======== The records ========

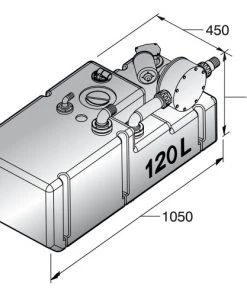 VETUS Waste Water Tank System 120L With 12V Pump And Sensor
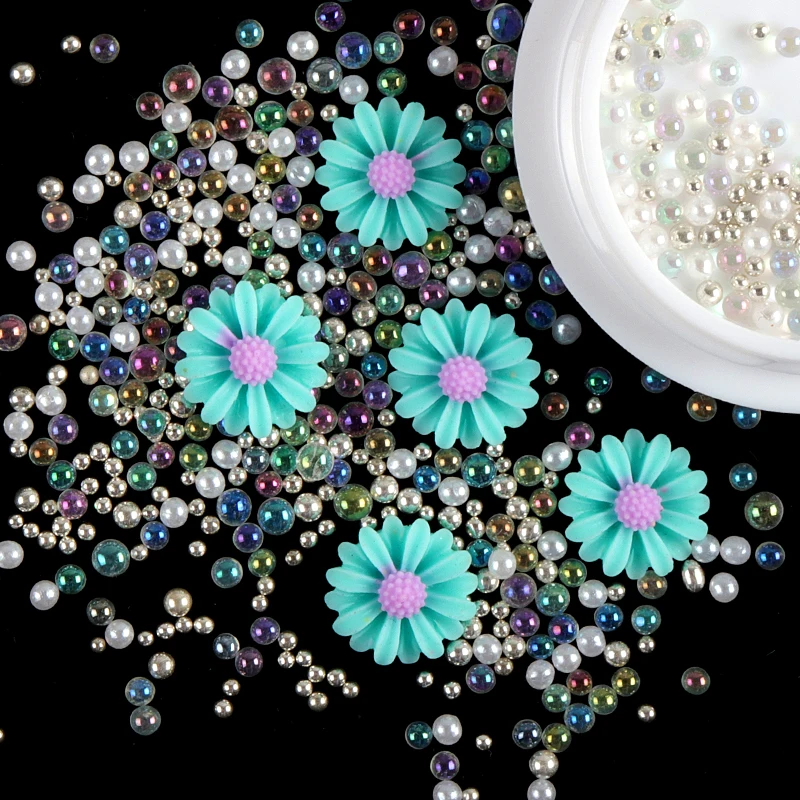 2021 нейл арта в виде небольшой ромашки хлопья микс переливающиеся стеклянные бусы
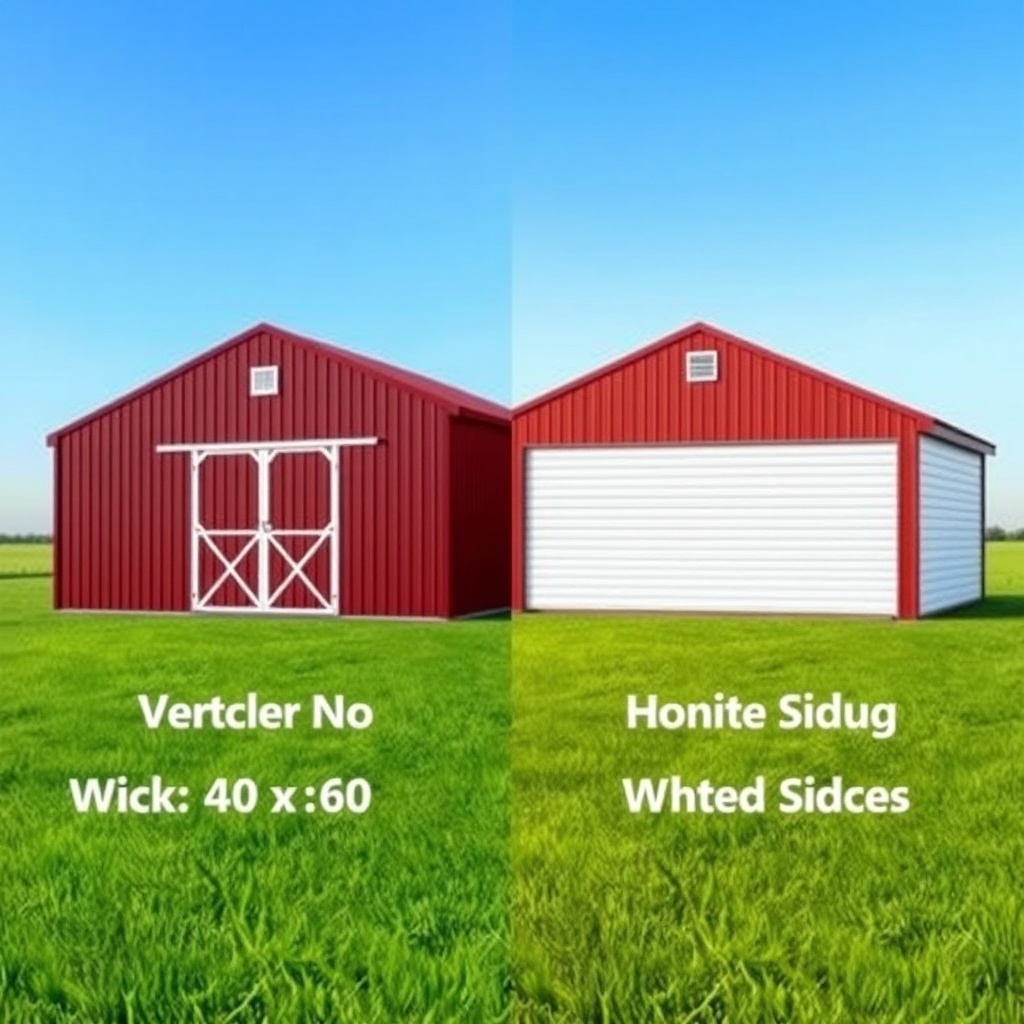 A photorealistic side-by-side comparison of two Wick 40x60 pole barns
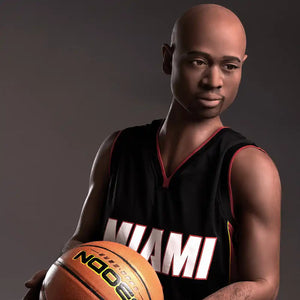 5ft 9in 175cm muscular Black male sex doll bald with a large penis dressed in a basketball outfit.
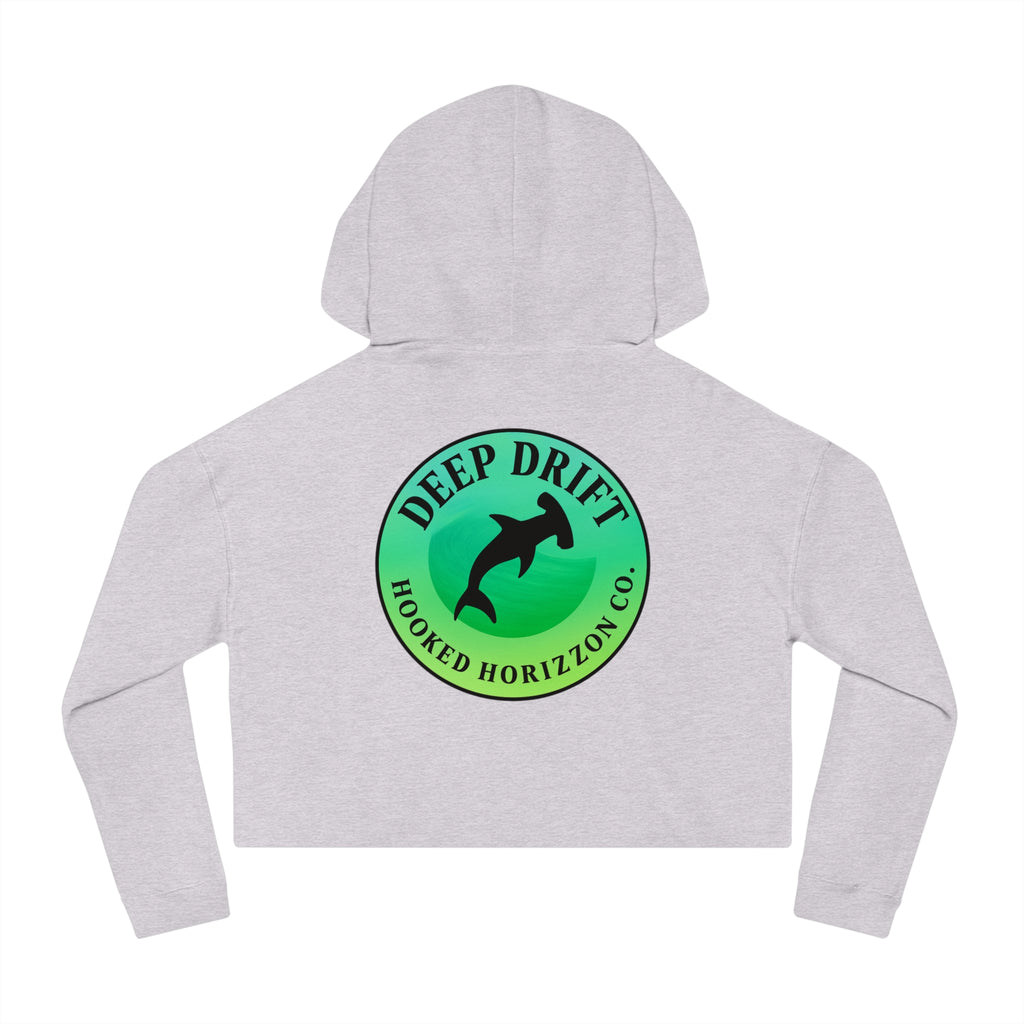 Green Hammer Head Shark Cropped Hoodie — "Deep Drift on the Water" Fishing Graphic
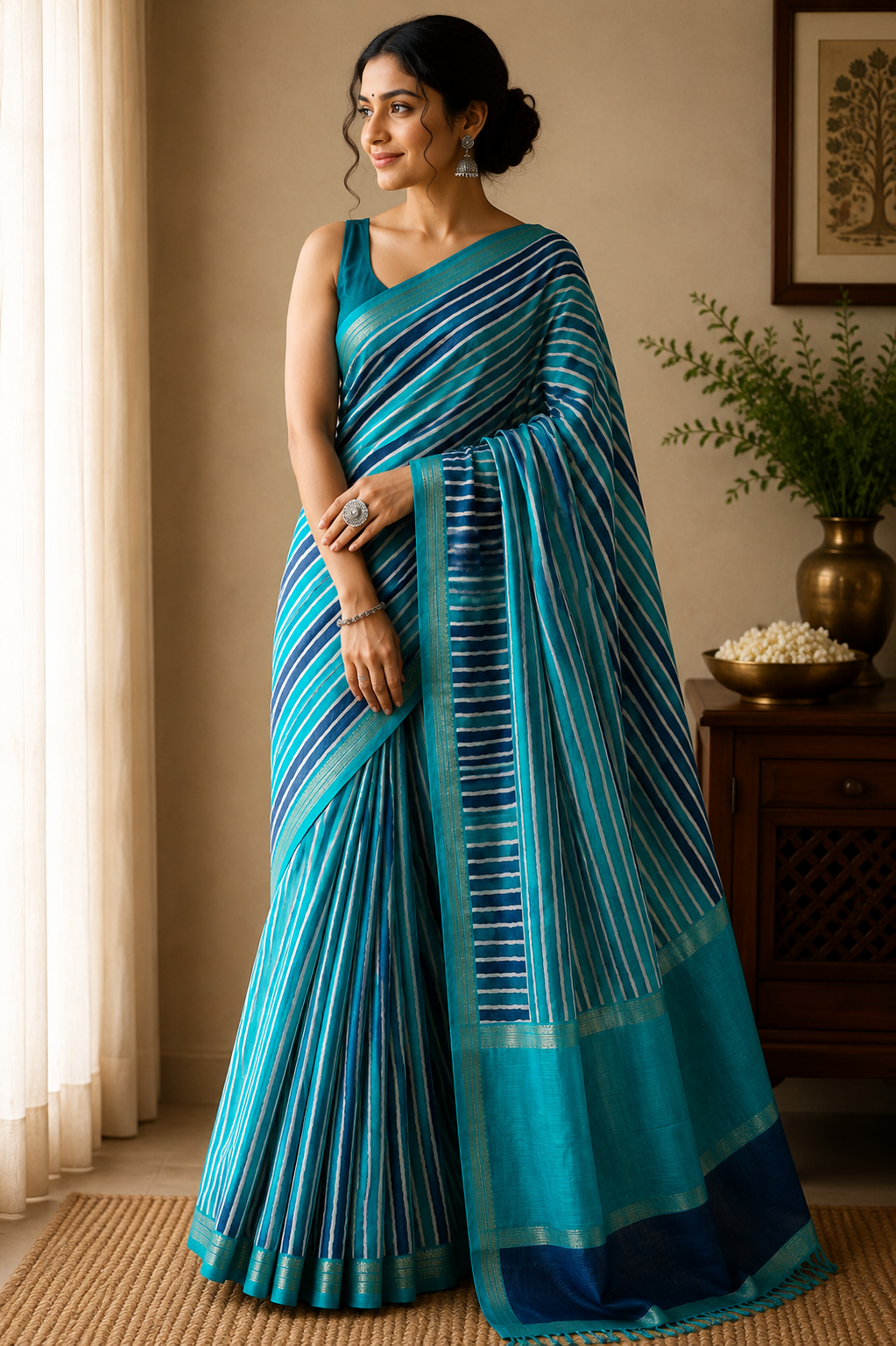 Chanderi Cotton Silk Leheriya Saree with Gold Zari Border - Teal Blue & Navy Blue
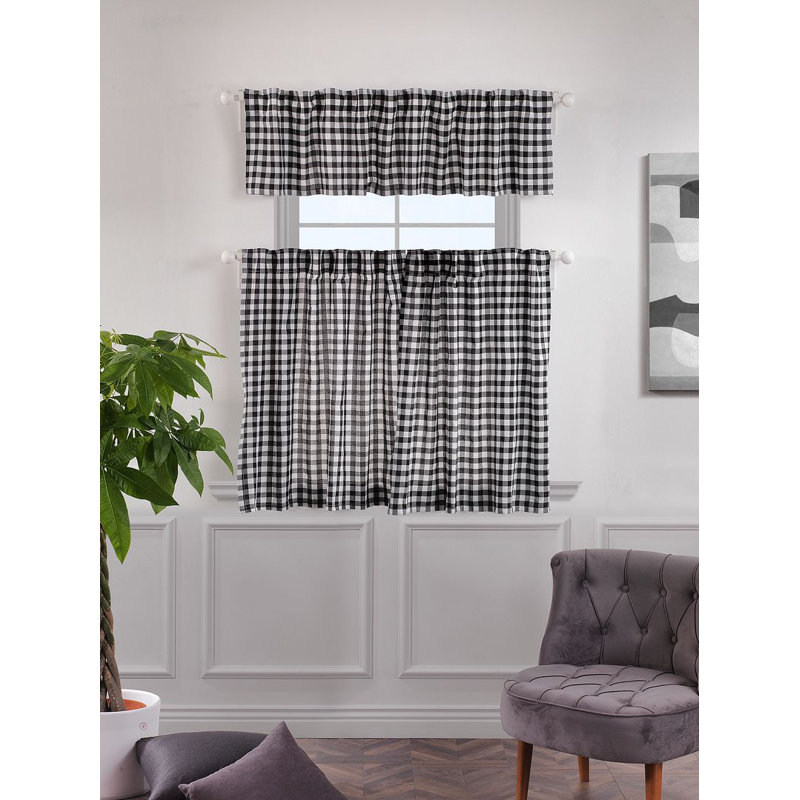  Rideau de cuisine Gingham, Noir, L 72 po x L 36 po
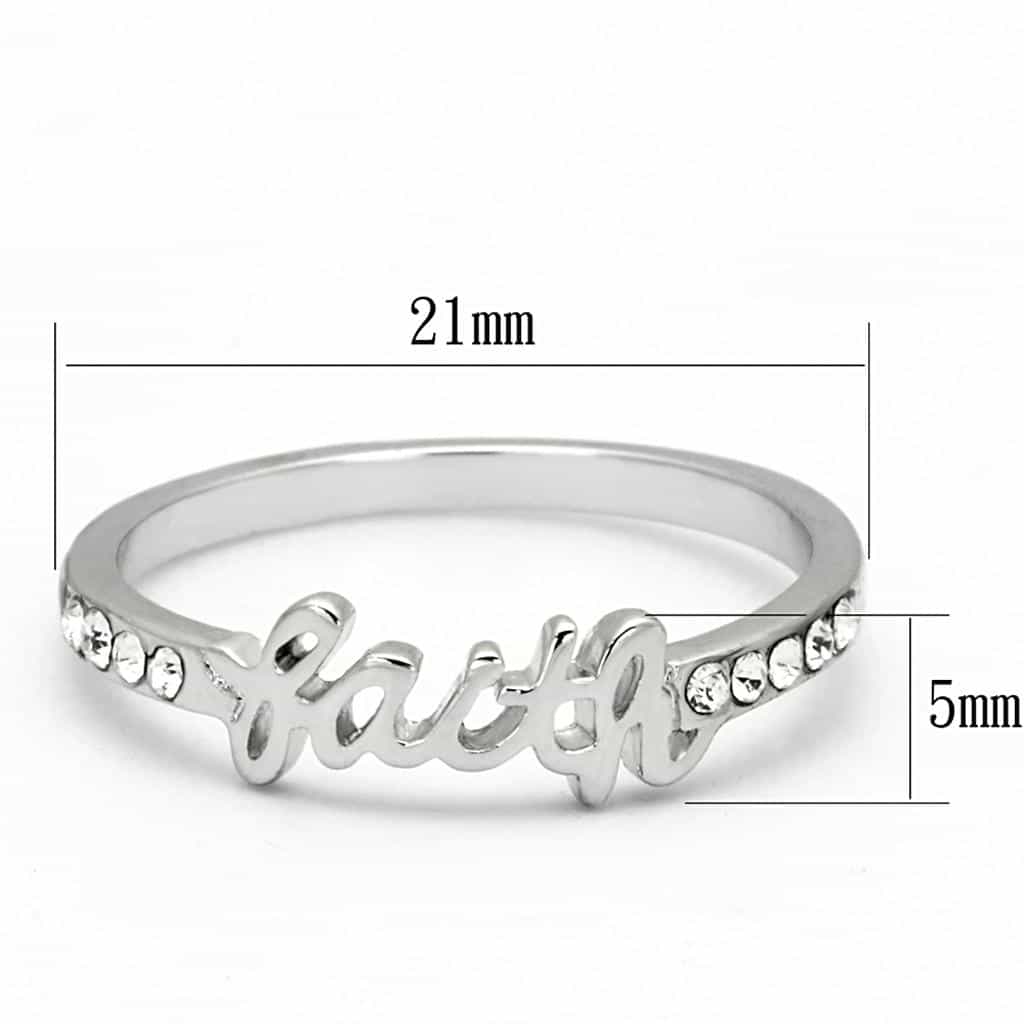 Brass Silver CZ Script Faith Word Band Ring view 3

========

▶ [Instructions to follow] Your reply should hold only the lines running from the one with "Green Hammer Head" to the end of the data above, set down exactly, pictures omitted.

▶ [Solution for this task]
 Green Hammer Head Shark Cropped Hoodie — "Deep Drift on the Water" Fishing Graphic
 Chanderi Cotton Silk Leheriya Saree with Gold Zari Border - Teal Blue & Navy Blue
  Rideau de cuisine Gingham, Noir, L 72 po x L 36 po
 Brass Silver CZ Script Faith Word Band Ring view 3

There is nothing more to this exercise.